Type: Package
Title: A Bootstrap Augmented k-Means Algorithm for Fuzzy Partitions
Version: 1.0.0
Date: 2025-09-18
Author: Jesse S. Ghashti [aut, cre], Jeffrey L. Andrews [aut], John R.J. Thompson [aut], Joyce Epp [aut], Harkunwar S. Kochar [aut]
Maintainer: Jesse S. Ghashti <jesse.ghashti@ubc.ca>
Description: Implementation of the bootkmeans algorithm, a bootstrap augmented k-means algorithm that returns probabilistic cluster assignments. From paper by Ghashti, J.S., Andrews, J.L. Thompson, J.R.J., Epp, J. and H.S. Kochar (2025), "A bootstrap augmented k-means algorithm for fuzzy partitions" (Submitted).
License: GPL-2
Encoding: UTF-8
Depends: R (≥ 3.5.0), lmtest, abind
Imports: MASS, stats, fclust, Thresher, mvtnorm
Suggests: knitr, markdown, ggplot2, patchwork, scales, spelling
VignetteBuilder: knitr
NeedsCompilation: no
Packaged: 2025-10-10 21:25:58 UTC; jesseghashti
Language: en-US
Repository: CRAN
Date/Publication: 2025-10-16 12:20:06 UTC

Bootstrap augmented k-means algorithm for fuzzy partitions

Description

Repeatedly bootstraps the rows of a data matrix, runs kmeans on each resample (with optional seeding for given centres), tracks per-observation allocations using squared Euclidean distance, and aggregates results into out-of-bag (OOB) fuzzy memberships, hard clusters, and averaged cluster centres. Iterations can stop adaptively using a serial-correlation test on the objective trace.

Usage

boot.kmeans(
  data = NULL,
  groups = NULL,
  iterations = 500,
  nstart = 1,
  export = FALSE,
  display = FALSE,
  pval = 0.05,
  itermax = 10,
  maxsamp = 1000,
  verbose = FALSE,
  returnall = FALSE
)

Arguments

data

Numeric matrix or data frame of row observations and column variables. Required.

groups

Either and integer number of clusters K; or a K \times p numeric matrix of initial centres. Required.

iterations

Initial number of bootstrap iterations to run before considering stopping (default = 500).

nstart

Passed to kmeans when groups is an integer (number of random starts, default = 1).

export

Logical; if TRUE, saves a JPEG of the objective trace at each iteration (plot<i>.jpg). Defaults to FALSE.

display

Logical; if TRUE, plots the most recent objective values during fitting. Defaults to FALSE.

pval

Significance threshold for adaptive stopping. When the Breusch–Godfrey test p-value on the last iterations objective values is not below pval, the procedure stops.

itermax

Maximum number of iterations per k-means run (passed to kmeans(iter.max = ...)).

maxsamp

Upper bound on total iterations if adaptive stopping keeps extending (default = 1000).

verbose

Logical; if TRUE, print iteration counter and latest test p-value while running. Defaults to FALSE.

returnall

Logical; if TRUE, return full per-iteration objects (centres, k-means fits, OOB lists); otherwise a smaller object of final results if return. Defaults to TRUE.

Details

Each iteration draws a bootstrap sample of rows, runs kmeans on the resample (first using either supplied centres or nstart random starts; subsequent iterations use the previous iteration's centres), and computes squared Euclidean distances from every original observation to each current centre using mahalanobis with the identity covariance. Observations are allocated to their nearest centre and these allocations are tracked across iterations.

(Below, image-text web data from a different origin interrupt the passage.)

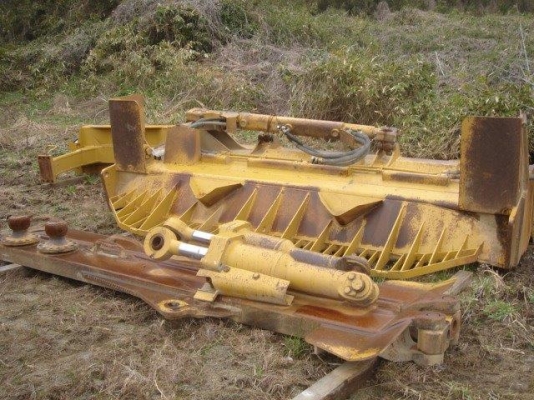 CAT D9R #7TL***** ปี1998 หากรอของได้ 30-45 วัน ติดต่อมาได้เลยครับ CAT D9R #7TL***** ปี1998 หากรอของได้ 30-45 วัน ติดต่อมาได้เลยครับ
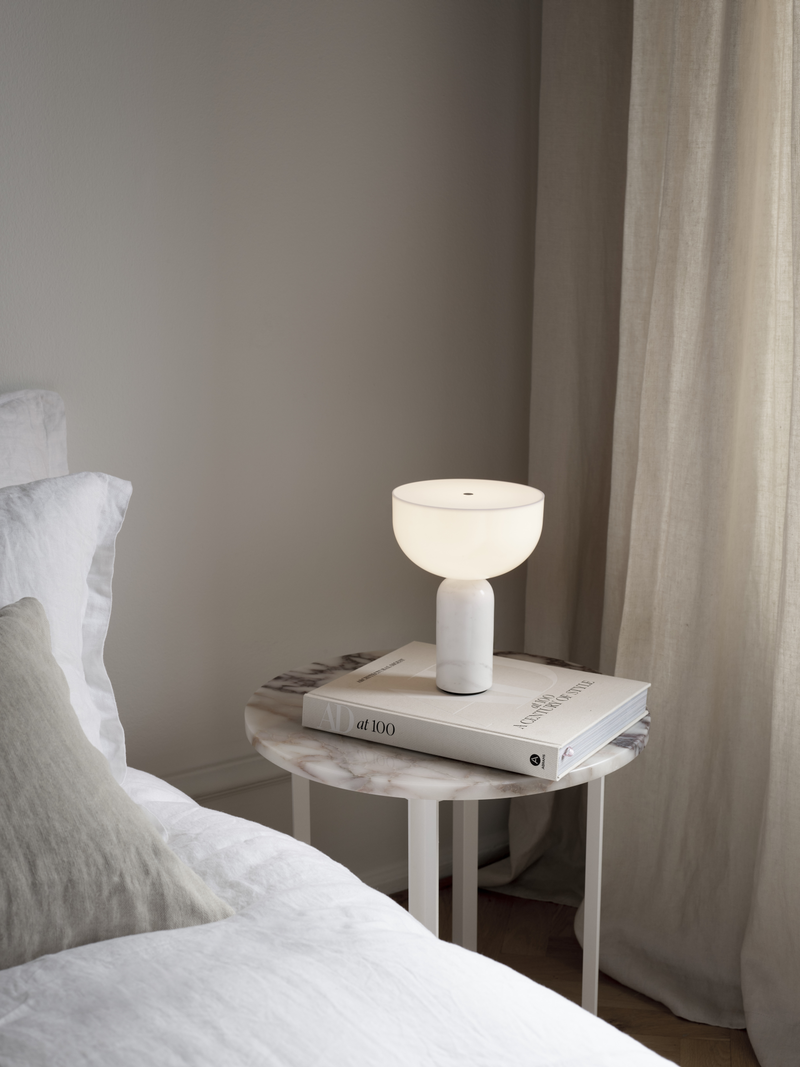 New Works Kizu Portable Bordlampe Hvid Marmor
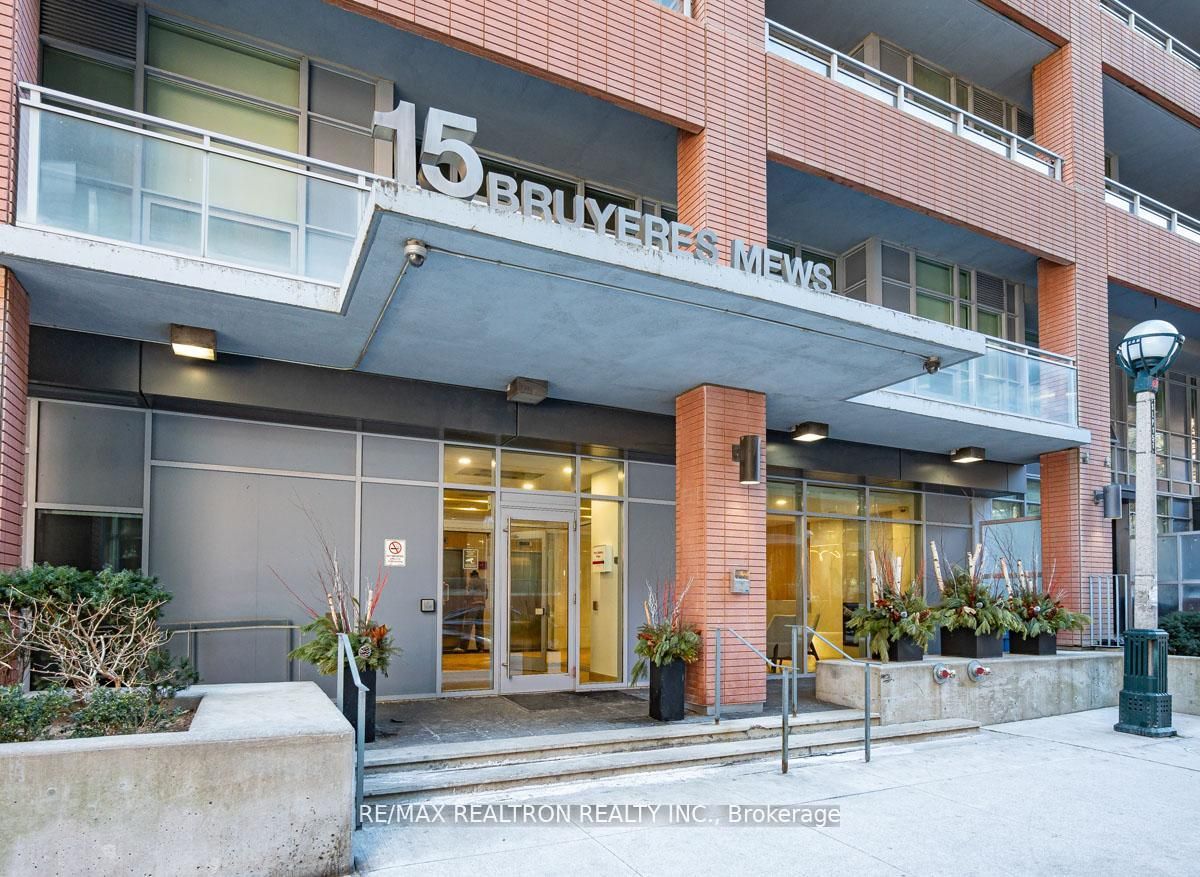15 Bruyeres Mews 1008, Toronto, ON M5V 0A7 photo 4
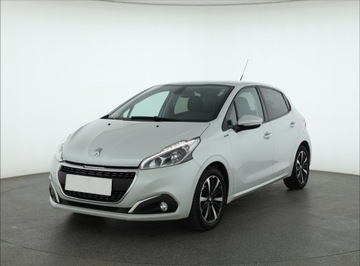 Peugeot 208 I Hatchback 5d Facelifting 1.2 PureTech 110KM 2018 Peugeot 208 1.2 PureTech, Salon Polska, zdjęcie 1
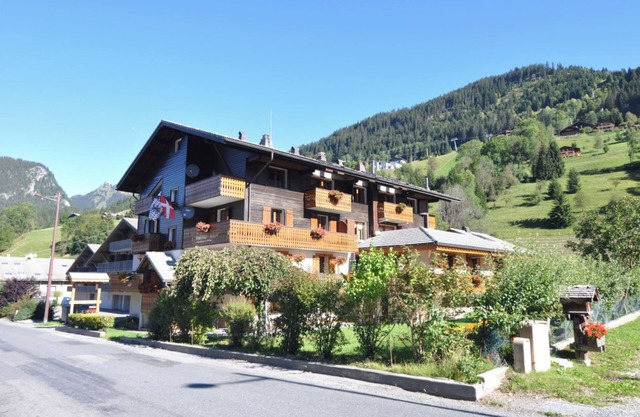 Appartement 'La Pointe Des Mattes' avec vue sur la montagne, terrasse privée et Wi-Fi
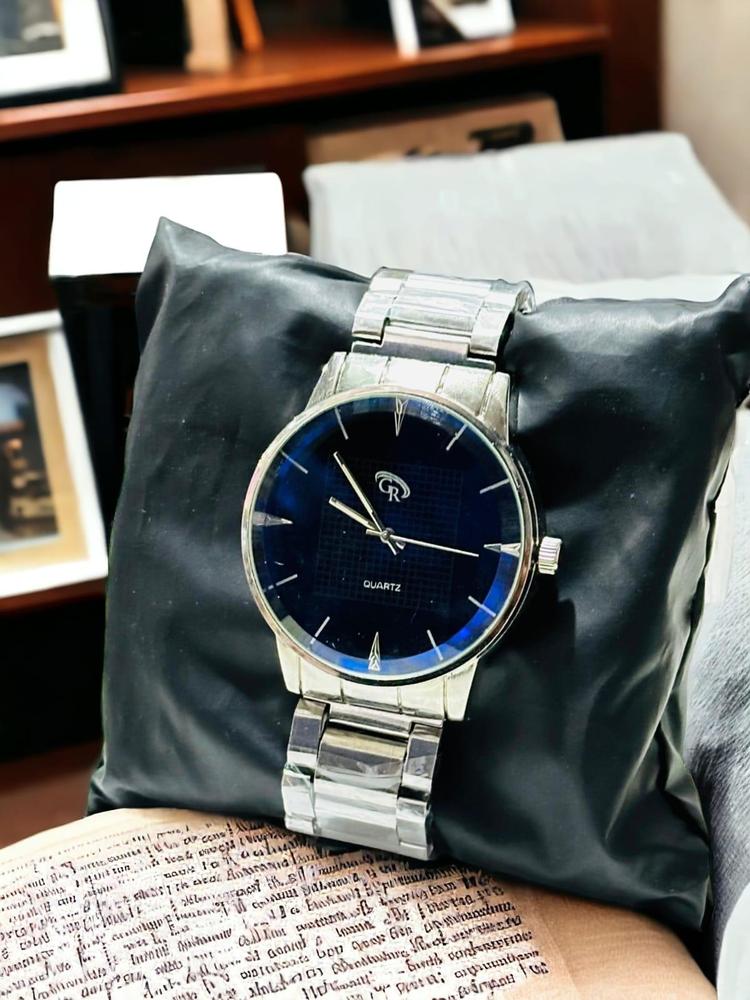 Men,s casual analogue watch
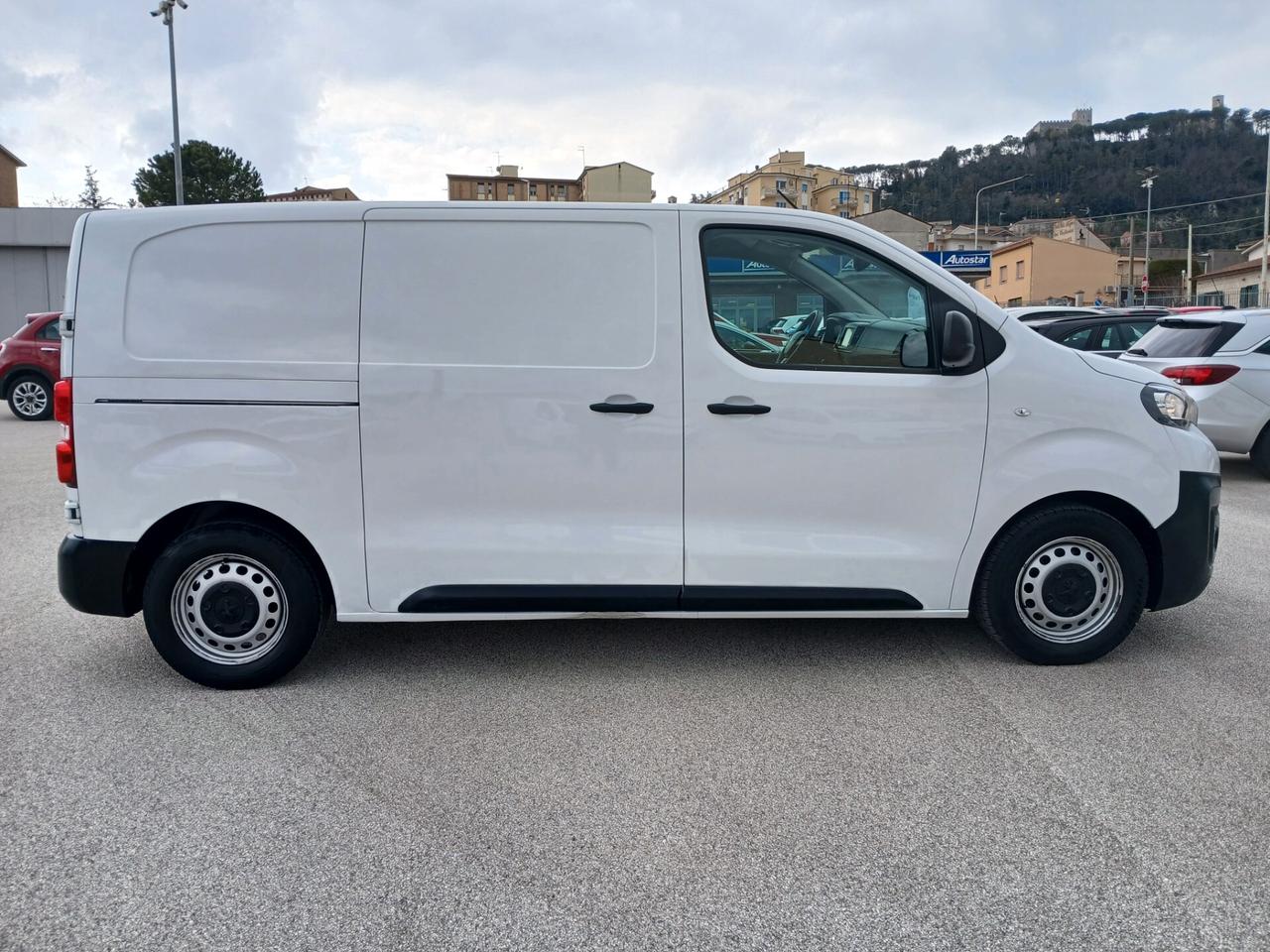 PEUGEOT EXPERT BHDi 120 PL-TN 2023
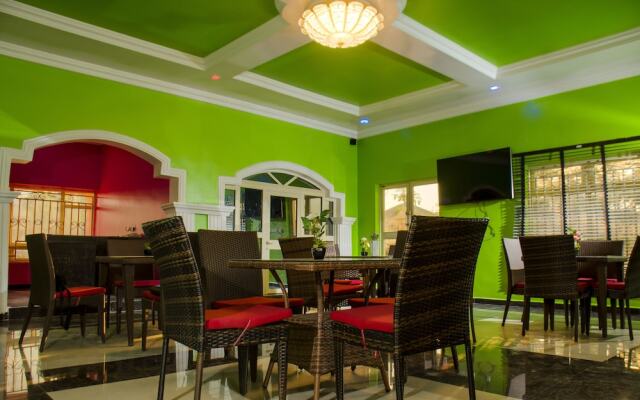 Graceland Inn & Garden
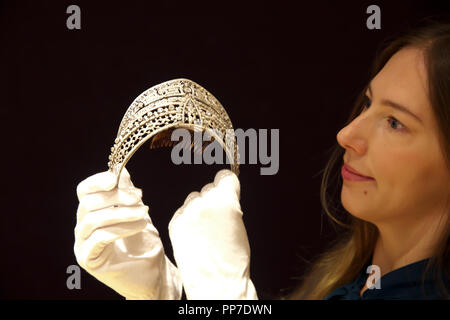 London, UK, 24. September 2018, Schmuck Photocall erfolgt bei Bonhams in London. Ein Belle Epoque Diamond bin eander" Tiara, wurde von der spanischen königlichen Juweliers Ansorena entworfen und durch Spanische adlige Esperanza Chávarri Aldecoa, Gräfin von Villagonzalo, Ehefrau von Fernando Maldonado Salabert, 8. die Anzahl der Villagonzalo besessen. Etwa um 1900 datiert, ist es bei £ 80,000-120,000 geschätzt und hat vorher an der nationalen Museum der Dekorativen Künste, Madrid 1995 ausgestellt worden. Credit: Keith Larby/Alamy leben Nachrichten Stockfoto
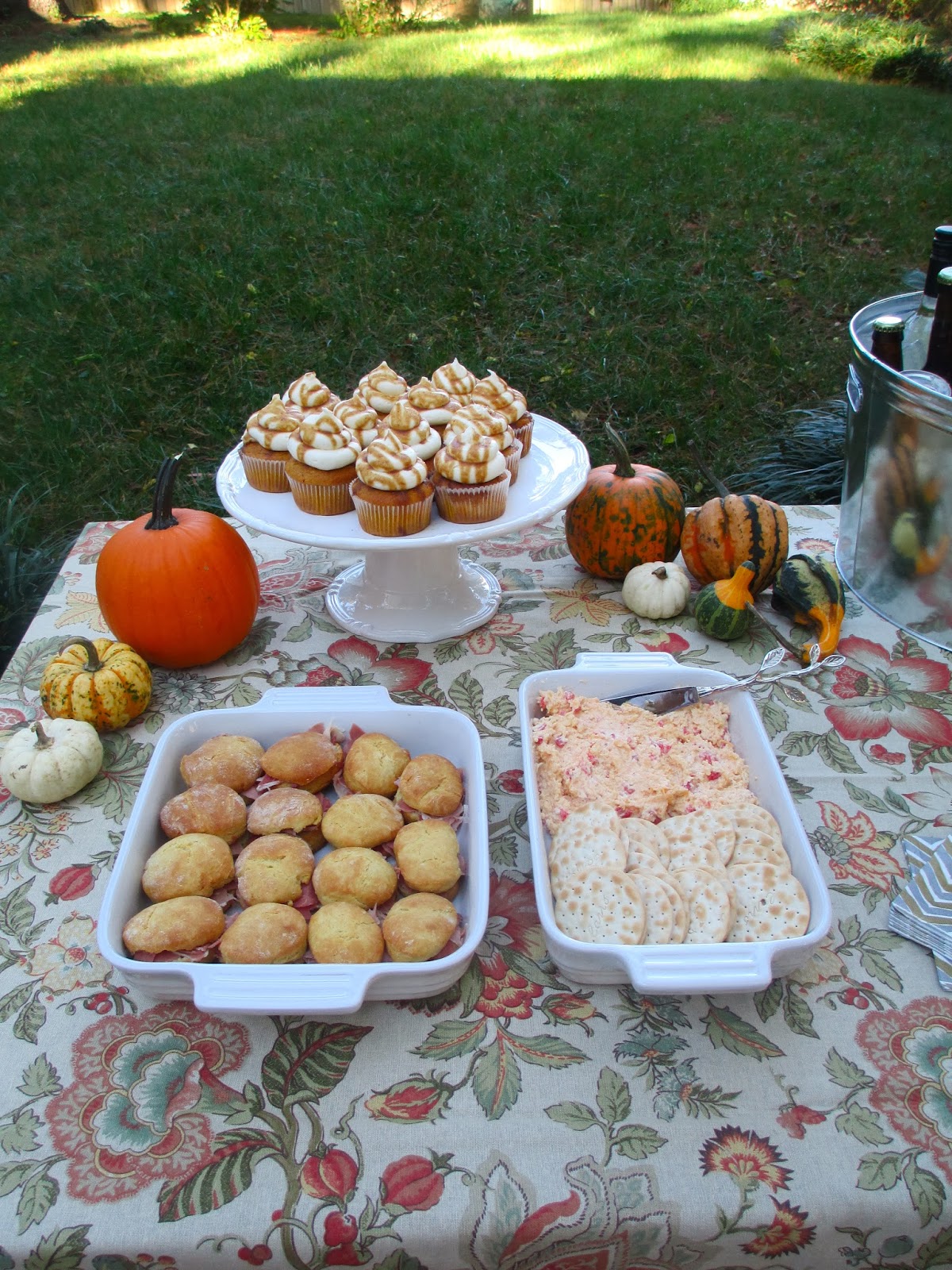 alexandra-bee-blog-pumpkin-carving-party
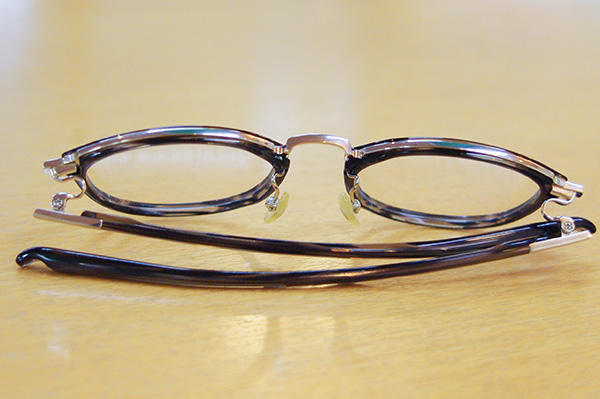 https://www.megane-eye.com/new/hold/m101-3.jpg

Out-of-bag (OOB) sets are the observations note included in a given bootstrap sample. For each observation, its OOB allocations across the most recent iterations runs are tallied to produce a fuzzy membership matrix (U) and a hard label by maximum membership.

Convergence is assessed adaptively: on the trace of summed per-observation minimum squared distances (the k-means objective) over the most recent iterations runs, a Breusch–Godfrey serial-correlation test (bgtest applied to a regression of the objective on iteration index) is computed. If the p-value is below pval and iterations < maxsamp, one more iteration is added; otherwise the loop terminates. Final centres are the elementwise mean of the centres over the last iterations runs.

Value

An object of class "BSKMeans": a list with components

U

n \times K matrix of OOB fuzzy cluster memberships.

clusters

Integer vector of length n of hard cluster labels.

centres

K \times p matrix of averaged centres over the last iterations runs.

p.value

Final Breusch–Godfrey test p-value used for stopping.

iterations

Total number of iterations actually run.

occurences

n \times \text{iterations} matrix of per-iteration allocations for all observations.

size

Number of clusters K.

soslist

Numeric vector of objective values by iteration.

centrelist

(If returnall = TRUE) list of per-iteration centre matrices; otherwise NULL.

ooblist

(If returnall = TRUE) list of OOB index vectors by iteration; otherwise NULL.

kmlist

(If returnall = TRUE) list of kmeans fit objects by iteration; otherwise NULL.

Author(s)

Jesse S. Ghashti jesse.ghashti@ubc.ca and Jeffrey L. Andrews jeff.andrews@ubc.ca

References

Ghashti, J.S., Andrews, J.L., Thompson, J.R.J., Epp, J. and H.S. Kochar (2025). A bootstrap augmented k-means algorithm for fuzzy partitions. Submitted.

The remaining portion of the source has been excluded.